Secara umum, thaharah dibagi menjadi dua bagian, maknawiyah dan hissiyah. Yang pertama bermakna, bersihnya hati dari segala bentuk kesyirikan dan kemaksiatan serta penyakit-penyakit hati lainnya. Hakikat thaharah tidak akan terwujud selama kesyirikan masih bersarang dalam hati. Inilah yang disitir firman Allah, Hai orang-orang yang beriman sesungguhnya orang-orang musyrik itu adalah najis maka janganlah mereka mendekati Masjidilharam, (QS. At-Taubah: 28). Diperkuat dengan sabda Nabi yang diriwayatkan Imam Bukhari-Muslim, Orang-orang mukmin itu bukan najis.
Yang kedua hissiyah berarti sucinya anggota badan dari segala kotoran dan najis yang juga terbagi dari dua jenis: suci dari hadats dan suci dari najis. Hadats adalah sesuatu yang melekat pada tubuh seorang muslim yang menyebabkan terhalang melaksanakan ibadah sebelum bersuci seperti salat, thawaf, dll. Hadats pun terbagi lagi menjadi dua macam, kecil dan besar. Hadats kecil adalah sebuah kondisi yang mengharuskan seseorang berwudhu sebelum melaksanakan ibadah, misalnya kentut, buang air kecil, buang air besar, dan pembatal wudhu lainnya. Cara bersucinya cukup dengan berwudhu, berdasarkan firman Allah, Hai orang-orang beriman, jika kalian hendak mengerjakan salat, maka basuhlah mukamu, tanganmu, sampai dengan siku, dan usaplah kepalamu serta basuhlah kakimu sampai mata kaki, (QS. Al-Ma’idah: 6).
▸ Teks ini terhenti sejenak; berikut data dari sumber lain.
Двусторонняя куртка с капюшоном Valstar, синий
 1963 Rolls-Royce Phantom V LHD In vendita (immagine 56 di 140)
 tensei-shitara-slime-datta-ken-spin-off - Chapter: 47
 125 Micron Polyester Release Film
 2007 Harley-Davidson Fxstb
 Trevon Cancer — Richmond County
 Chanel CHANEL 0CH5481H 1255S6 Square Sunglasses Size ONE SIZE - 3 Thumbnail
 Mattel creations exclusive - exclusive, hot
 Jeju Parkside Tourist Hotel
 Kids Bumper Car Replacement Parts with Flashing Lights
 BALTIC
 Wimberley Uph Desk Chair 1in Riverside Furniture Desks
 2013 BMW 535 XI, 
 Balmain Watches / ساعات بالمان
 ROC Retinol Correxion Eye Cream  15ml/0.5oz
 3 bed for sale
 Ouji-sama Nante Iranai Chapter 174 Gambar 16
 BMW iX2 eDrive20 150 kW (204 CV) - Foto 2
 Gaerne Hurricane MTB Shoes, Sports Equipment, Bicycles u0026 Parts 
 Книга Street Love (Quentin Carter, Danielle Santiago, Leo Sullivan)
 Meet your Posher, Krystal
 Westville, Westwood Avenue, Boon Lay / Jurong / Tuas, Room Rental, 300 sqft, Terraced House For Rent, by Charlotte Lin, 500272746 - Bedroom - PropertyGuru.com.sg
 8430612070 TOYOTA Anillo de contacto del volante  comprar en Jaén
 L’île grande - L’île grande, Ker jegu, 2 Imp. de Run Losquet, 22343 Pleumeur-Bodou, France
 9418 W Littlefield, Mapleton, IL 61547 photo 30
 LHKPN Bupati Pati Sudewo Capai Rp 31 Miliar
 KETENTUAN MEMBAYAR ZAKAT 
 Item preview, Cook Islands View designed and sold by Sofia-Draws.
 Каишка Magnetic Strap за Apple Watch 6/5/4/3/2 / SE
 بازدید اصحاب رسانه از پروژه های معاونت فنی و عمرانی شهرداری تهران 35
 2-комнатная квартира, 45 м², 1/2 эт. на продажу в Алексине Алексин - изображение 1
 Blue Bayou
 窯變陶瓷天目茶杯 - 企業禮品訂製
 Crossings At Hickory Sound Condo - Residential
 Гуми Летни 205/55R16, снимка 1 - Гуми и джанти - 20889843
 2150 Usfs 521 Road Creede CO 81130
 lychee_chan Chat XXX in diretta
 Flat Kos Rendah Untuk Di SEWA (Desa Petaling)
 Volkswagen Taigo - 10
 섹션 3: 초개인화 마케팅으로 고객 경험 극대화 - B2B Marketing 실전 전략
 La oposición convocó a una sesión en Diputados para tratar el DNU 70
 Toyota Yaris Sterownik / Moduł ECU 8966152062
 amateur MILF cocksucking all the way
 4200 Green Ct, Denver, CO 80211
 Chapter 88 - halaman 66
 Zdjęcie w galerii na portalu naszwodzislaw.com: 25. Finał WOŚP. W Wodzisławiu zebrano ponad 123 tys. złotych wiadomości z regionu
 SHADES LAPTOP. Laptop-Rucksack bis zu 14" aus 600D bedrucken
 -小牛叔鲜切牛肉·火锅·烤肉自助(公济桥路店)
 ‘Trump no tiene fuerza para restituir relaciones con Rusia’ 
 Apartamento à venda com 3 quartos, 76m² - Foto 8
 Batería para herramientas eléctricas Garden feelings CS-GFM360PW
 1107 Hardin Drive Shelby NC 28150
Ada pun hadats besar, yaitu kondisi yang mengharuskan seseorang mandi sebelum menunaikan salat, thawaf, dll., seperti junub, haid, dan nifas. Cara bersuci dari hadats besar adalah mandi. Berdasarkan firman Allah, Dan jika kamu junub, maka mandilan, (QS. Al-Ma’idah: 6).
Jenis thaharah hissiyah kedua adalah suci dari najis, wa tsiabaka fathohhir. Dan pakaianmu bersihkanlan, (QS. Al-Mudatstsir: 4).
Untuk bersih dari najis, ilmu fikih menamainya “al-istinja” dan “al-istijmar”. Pertama bermakna ‘membersihkan najis di bagian qubul [kemaluan] atau dubur [pantat] dengan menggunakan air’. Kedua, ‘membersihkan najis pada lubang kemaluan dan pantat dengan menggunakan, batu, tussu, dan sejenisnya.
Karena itulah, seorang muslim diwajibkan mengikuti tatacara buang hajat dan beristinja’ dengan baik dan benar, bila tidak, dia akan mendapat dosa besar dan azab kubur. Tersebutlah sebuah riwayat dari Imam Bukhari dan Mulism bahwa Rasulullah pernah melewati dua kuburan, maka ia pun mengabarkan, Dua penghuni kuburan ini sedang diazab! Tidaklah diazab karena masalah besar. Ada pun salah satunya, ia diazab karena tidak berhati-hati [menjaga diri] dari air kencing.
Ibnu Daqiqil ‘Ied mengatakan ketika mengomentari hadis di atas bahwa kedua penghuni kuburan tidaklah diazab karena masalah yang sulit untuk diatasi atau mencegahnya serta berhati-hati darinya. Bahwa sebenarnya masalah remeh, mudah, gampang bagi orang yang menjaga diri darinya, ia juga berkata, dua perkara itu termasuk dosa besar. Dalam hadis lain dari Ibnu Majah, Nabi bersabda, Buang air kecil merupakan penyebab yang paling banyak mendatangkan azab kubur.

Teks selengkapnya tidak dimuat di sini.